Possible Solutions and Workarounds Taming the Hashability Beast
While we wait for a fix, there are a couple of ways to work around this:
- Uncomment the
__hash__()
method in thePerson
class: This explicitly tells Pylance thatPerson
is hashable. - Ignore the warning: If you're confident your code is correct, you can add a
# type: ignore
comment to suppress the warning.
However, these are just temporary fixes. The ideal solution is for Pylance to correctly infer hashability from the mixin.
Diving Deeper into Solutions
To truly address this issue, the Pylance team needs to investigate how it handles inheritance and method resolution, especially in the context of Pydantic models. Here are a few potential areas to explore:
- Mixin handling: Pylance might not be fully recognizing mixin classes and their contributions to the class hierarchy.
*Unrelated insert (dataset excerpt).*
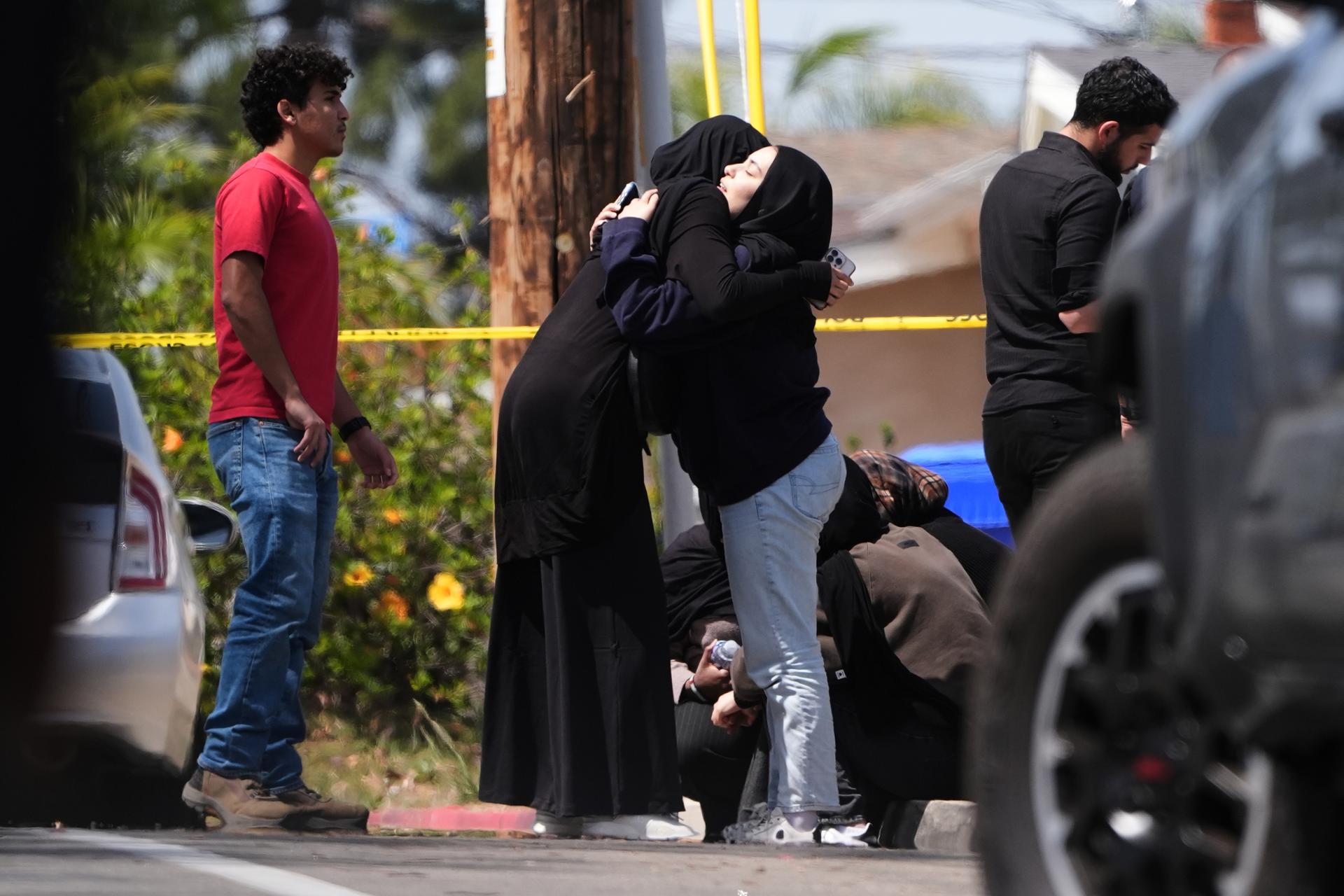 People embrace near the scene of a shooting outside the Islamic Center of San Diego Monday.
- Method resolution order (MRO): The way Pylance resolves methods in complex inheritance scenarios could be a factor.
- Pydantic integration: There might be specific interactions between Pylance and Pydantic that need tweaking.
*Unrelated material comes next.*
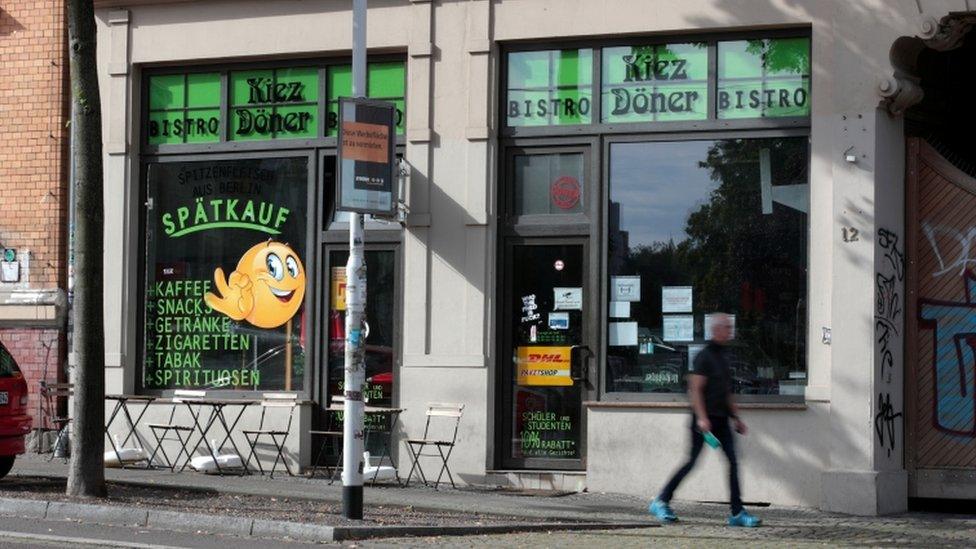 A man walks in front of a kebab shop where a person was killed in 2019 in Halle, Germany, July 28, 2020.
Final Thoughts A Call to Action
This issue highlights the importance of accurate static analysis in modern Python development. Pylance is a fantastic tool, and I’m confident the team will address this. In the meantime, I hope this write-up helps others facing the same problem. If you've encountered this, consider adding your voice to the discussion on the Pylance GitHub repository! Let's work together to make our tools even better.
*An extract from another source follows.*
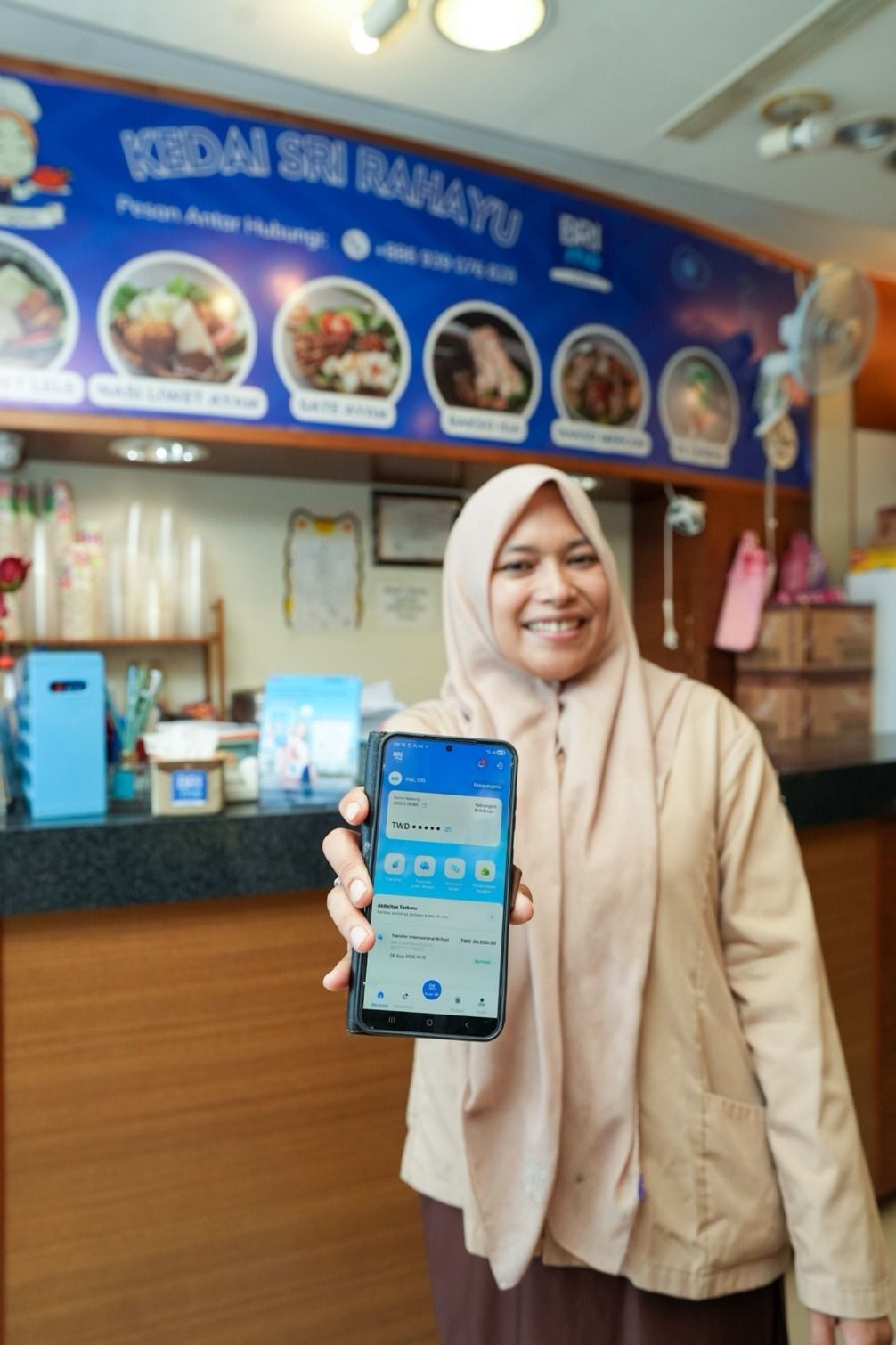 Seorang WNI pengusaha kuliner di Taiwan menunjukkan aplikasi BRImo Taiwan. Layanan digital banking ini mempermudah transaksi harian, pembayaran QR, hingga remitansi bagi diaspora dan Pekerja Migran Indonesia (PMI).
That's all for now, folks. Happy coding, and may your hashes always be unique!
Keywords and SEO Optimization
- Pylance
- Pydantic
__hash__
method- Hashable
- Inheritance
- Mixin
- VS Code
- Python
- Static analysis
- Linting
model_config
frozen
BaseModel
- Python typing
- Code analysis
These keywords are strategically placed throughout the article to improve its SEO and help readers find it when searching for solutions to similar issues. The use of bold and italic tags further emphasizes these keywords, making them stand out to both readers and search engines.